*** Block opens ***

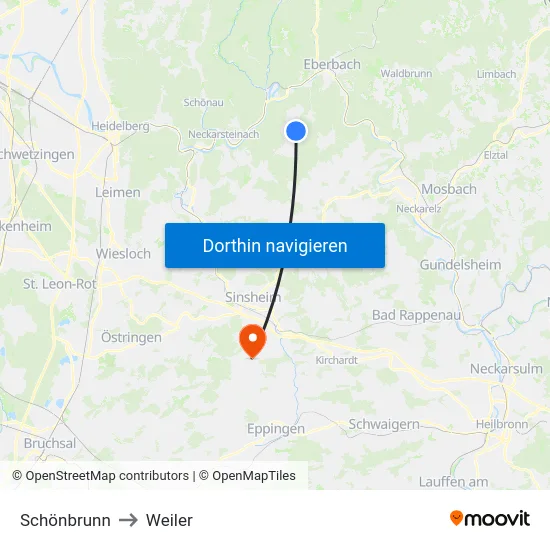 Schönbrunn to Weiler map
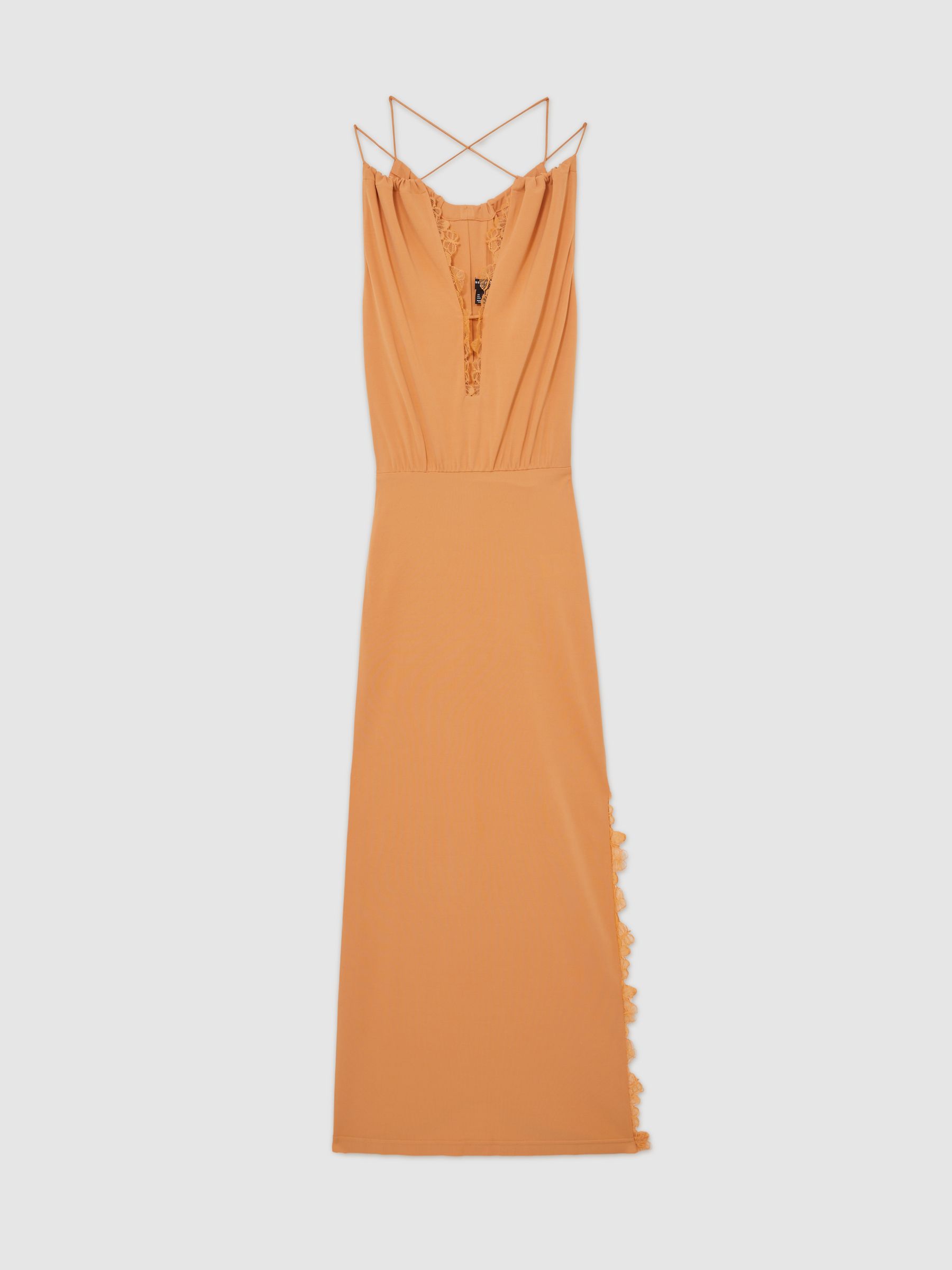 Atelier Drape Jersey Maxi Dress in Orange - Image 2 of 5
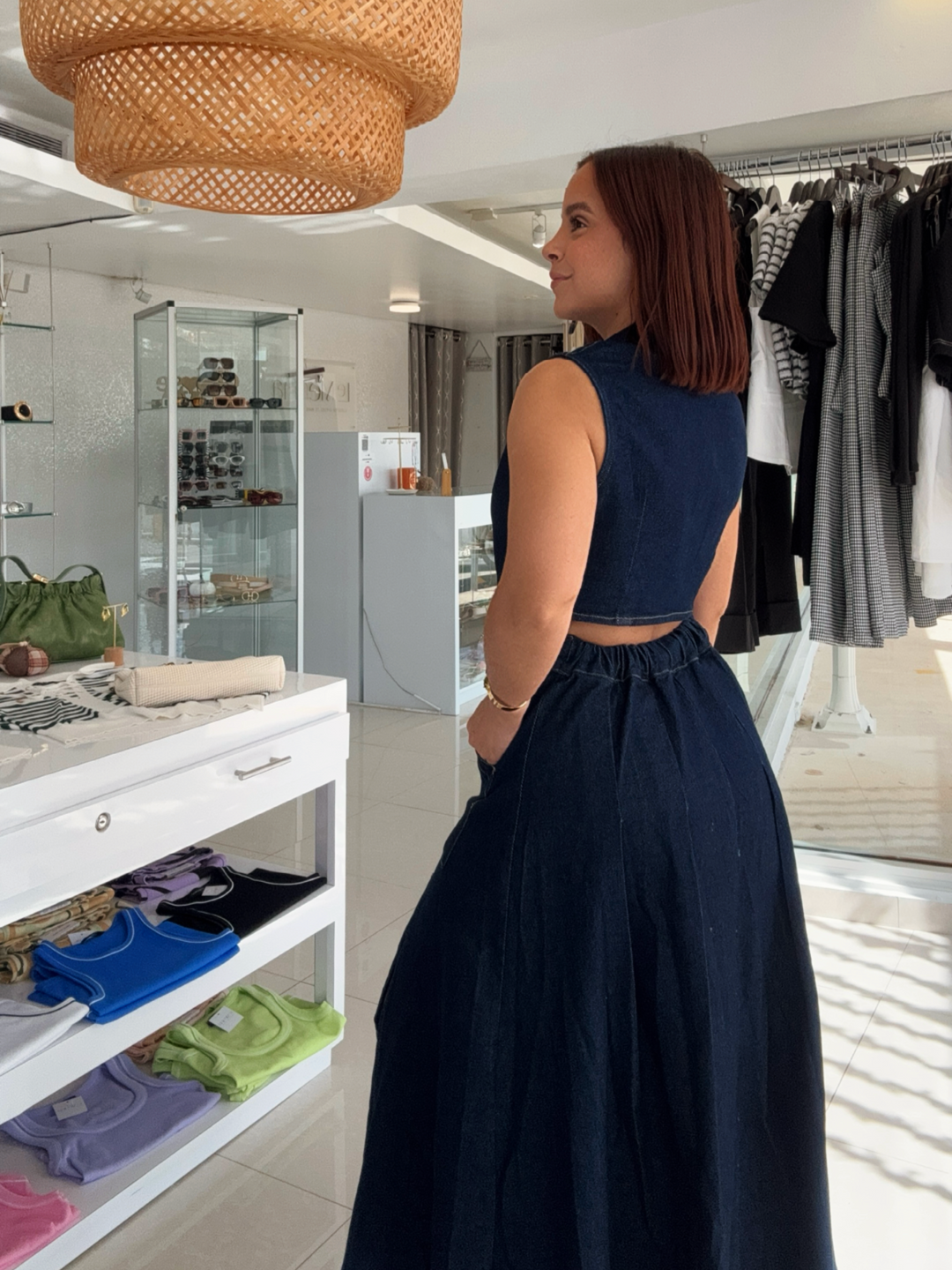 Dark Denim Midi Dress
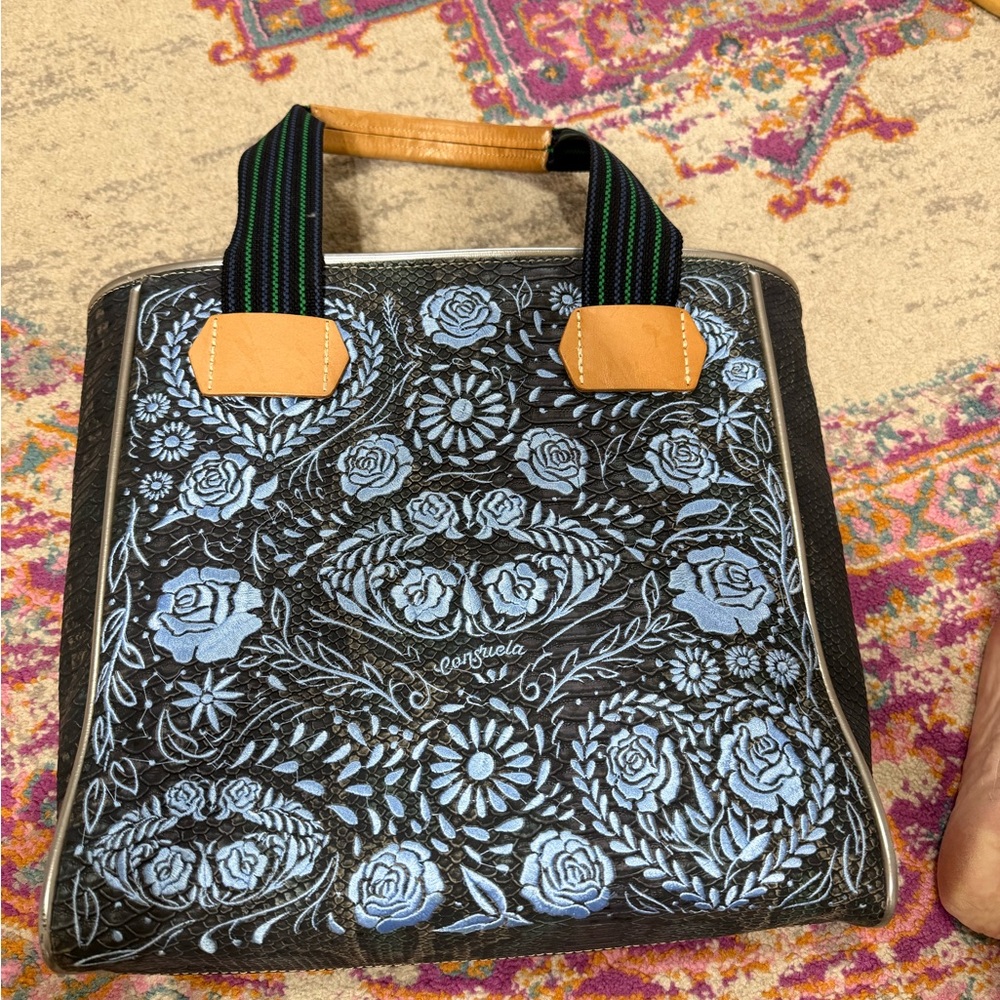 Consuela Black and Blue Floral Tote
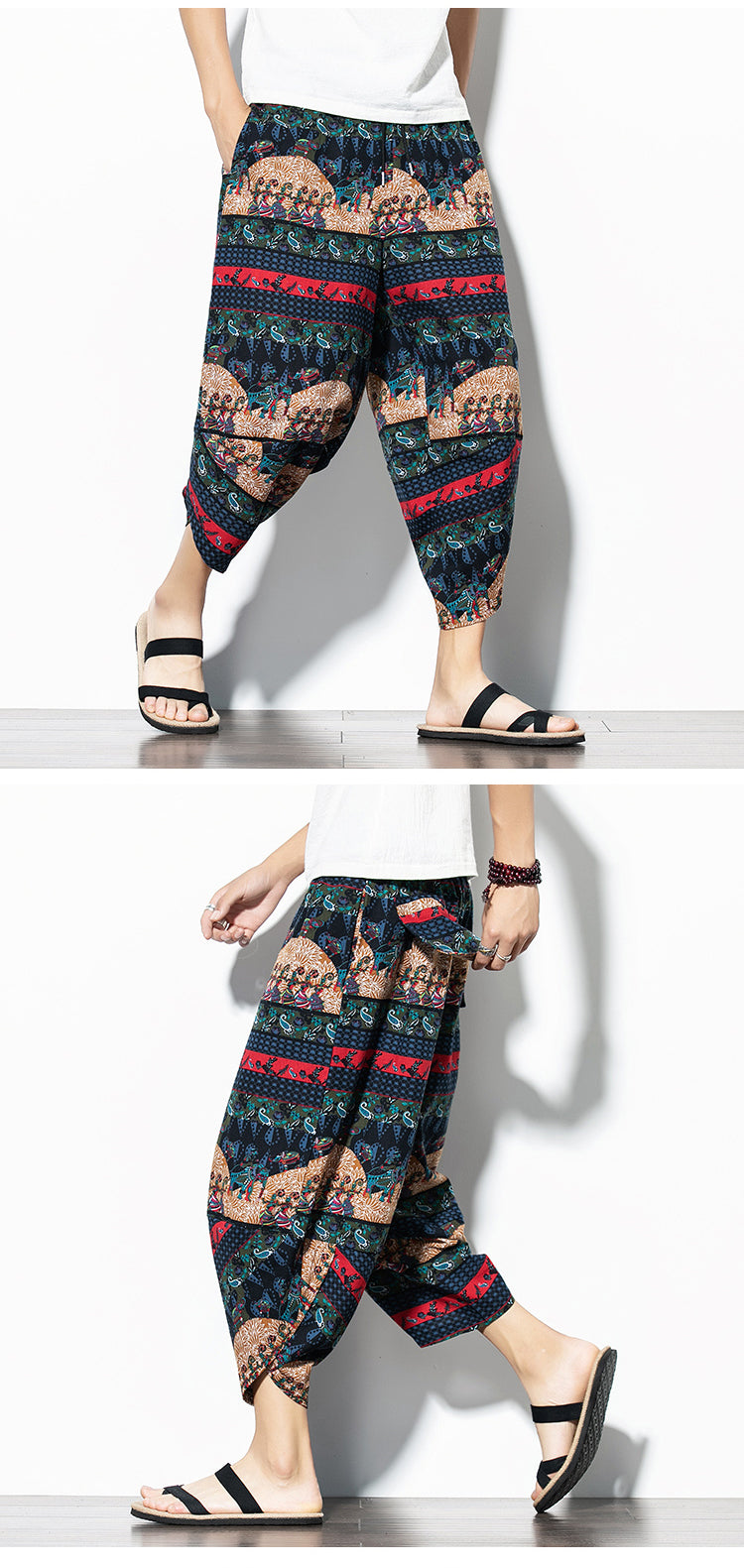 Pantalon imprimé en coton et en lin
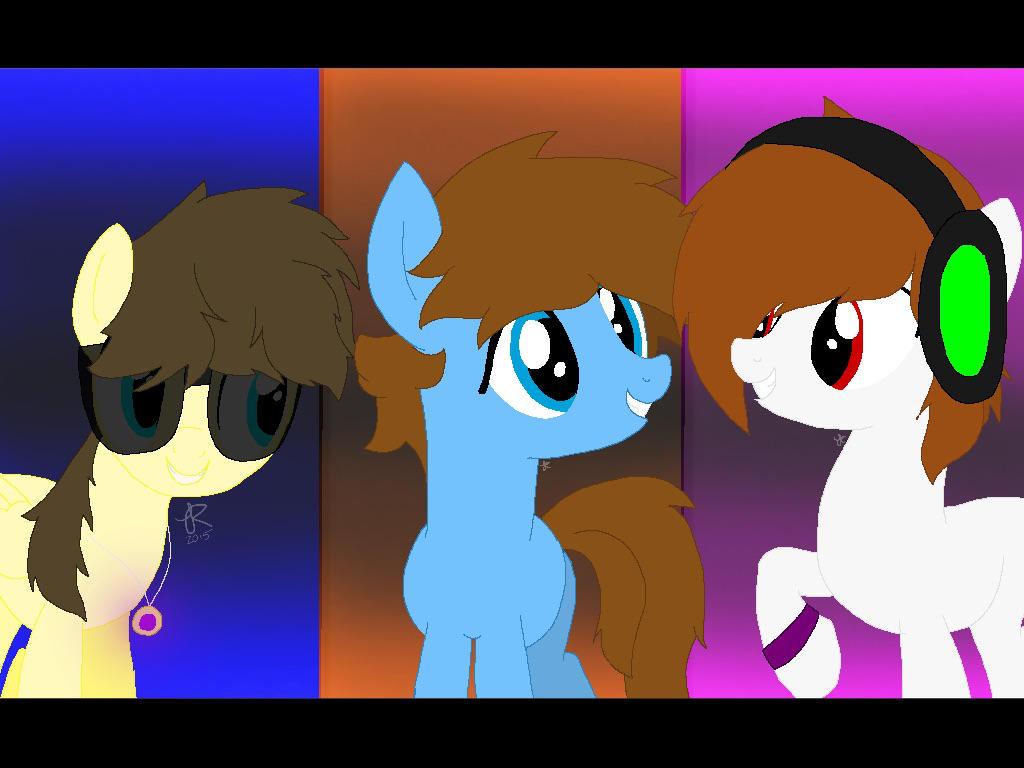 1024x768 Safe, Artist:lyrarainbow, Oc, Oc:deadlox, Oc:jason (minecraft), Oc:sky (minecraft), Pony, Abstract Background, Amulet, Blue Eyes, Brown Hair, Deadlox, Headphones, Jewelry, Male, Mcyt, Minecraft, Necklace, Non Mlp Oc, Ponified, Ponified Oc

*** Block closes ***

DESCRIPTION OF THE TASK: The whole listing above must be returned exactly as written, with no pictures carried over.

EXPECTED ANSWER:
 Schönbrunn to Weiler map
 Atelier Drape Jersey Maxi Dress in Orange - Image 2 of 5
 Dark Denim Midi Dress
 Consuela Black and Blue Floral Tote
 Pantalon imprimé en coton et en lin
 1024x768 Safe, Artist:lyrarainbow, Oc, Oc:deadlox, Oc:jason (minecraft), Oc:sky (minecraft), Pony, Abstract Background, Amulet, Blue Eyes, Brown Hair, Deadlox, Headphones, Jewelry, Male, Mcyt, Minecraft, Necklace, Non Mlp Oc, Ponified, Ponified Oc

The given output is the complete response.